++++ Record set ++++

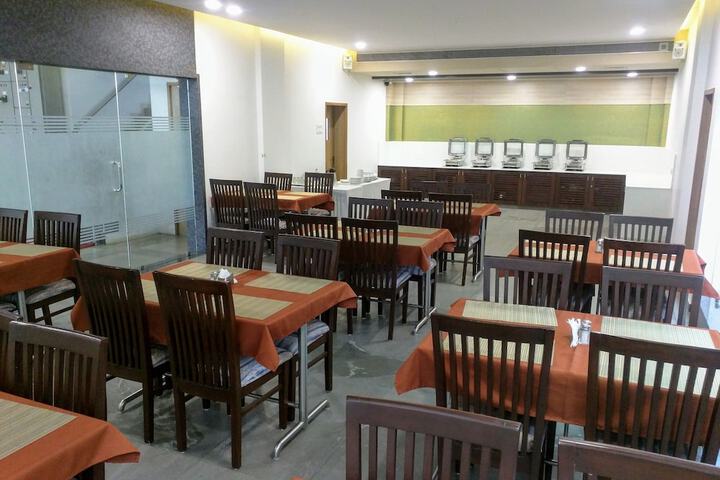 Dining 15 of 17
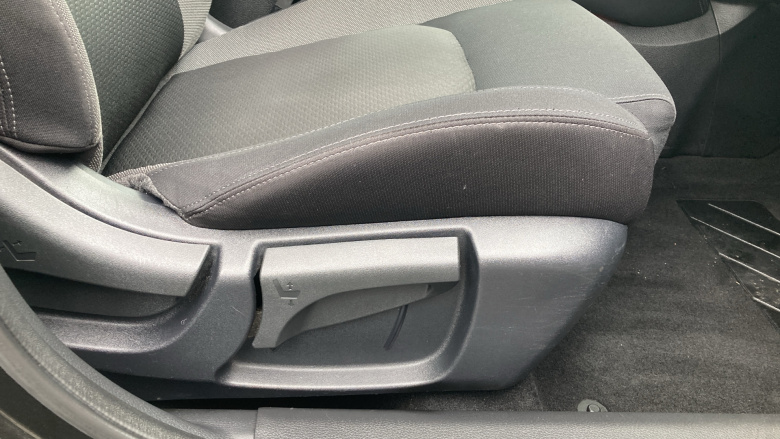 Nissan Qashqai 1.5 dCi 115 N-Connecta 5dr Diesel Hatchback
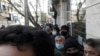 شماری از افغان‌های مقیم ایران در اعتراض به مسدود شدن حساب‌ بانکی خود در بانک صادرات، مقابل شعب این بانک تجمع کردند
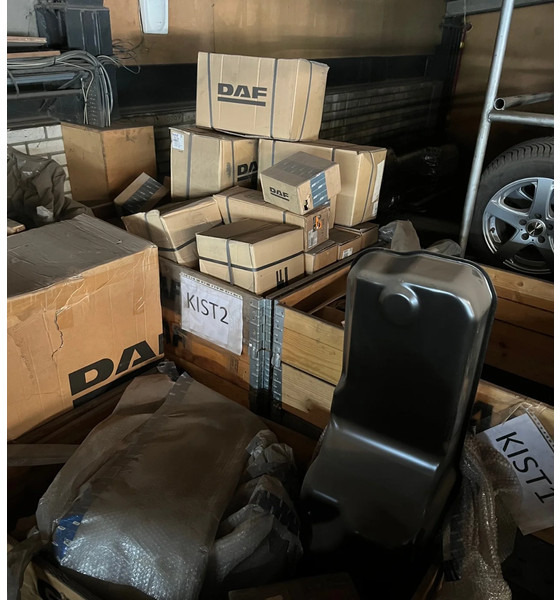 DAF diverse NOS oude voorraad nieuwe delen - Прокладка двигателя для Грузовиков: фото 1 DAF diverse NOS oude voorraad nieuwe delen - Прокладка двигателя для Грузовиков: фото 1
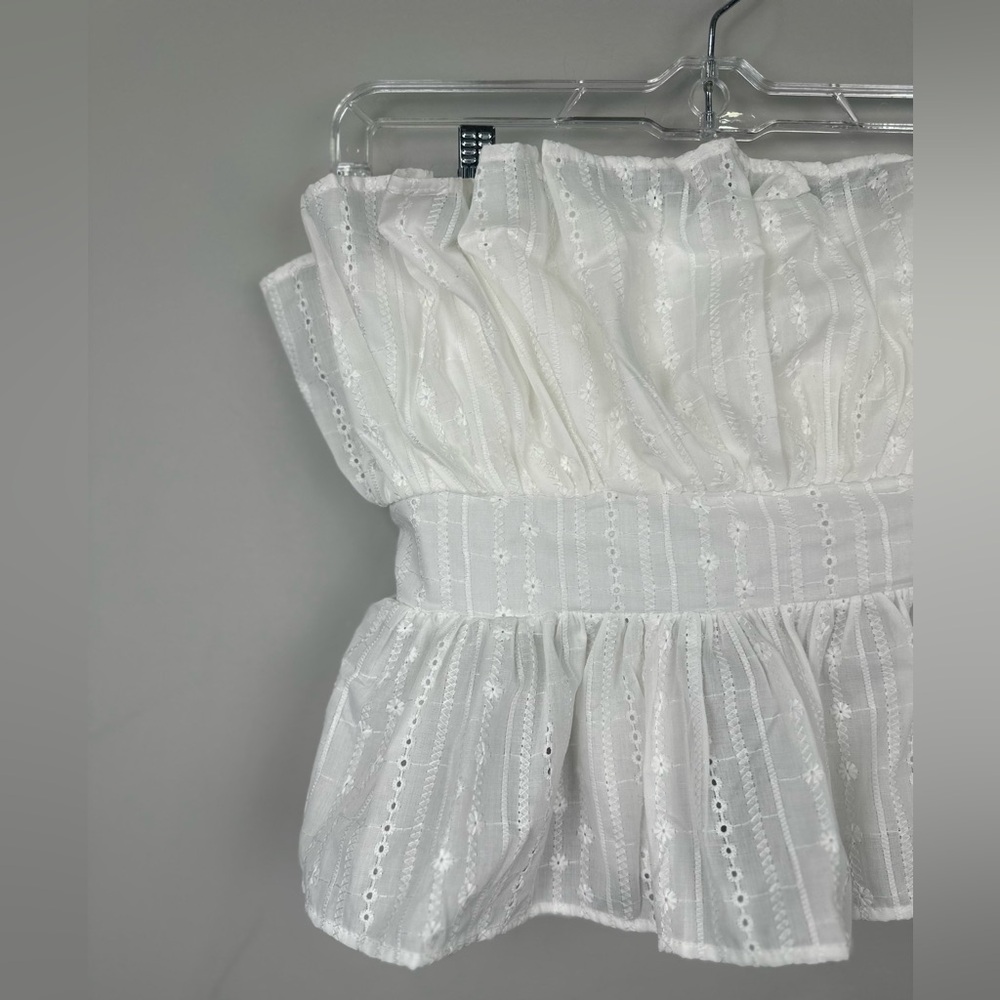 Thirty thirty LA White Eyelet Ruffle Crop Top Medium - Picture 3 of 9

++++

- What to produce -
Restate each entry word for word, please, but drop any images it holds.

- Answer below -
 Dining 15 of 17
 Nissan Qashqai 1.5 dCi 115 N-Connecta 5dr Diesel Hatchback
 شماری از افغان‌های مقیم ایران در اعتراض به مسدود شدن حساب‌ بانکی خود در بانک صادرات، مقابل شعب این بانک تجمع کردند
 DAF diverse NOS oude voorraad nieuwe delen - Прокладка двигателя для Грузовиков: фото 1 DAF diverse NOS oude voorraad nieuwe delen - Прокладка двигателя для Грузовиков: фото 1
 Thirty thirty LA White Eyelet Ruffle Crop Top Medium - Picture 3 of 9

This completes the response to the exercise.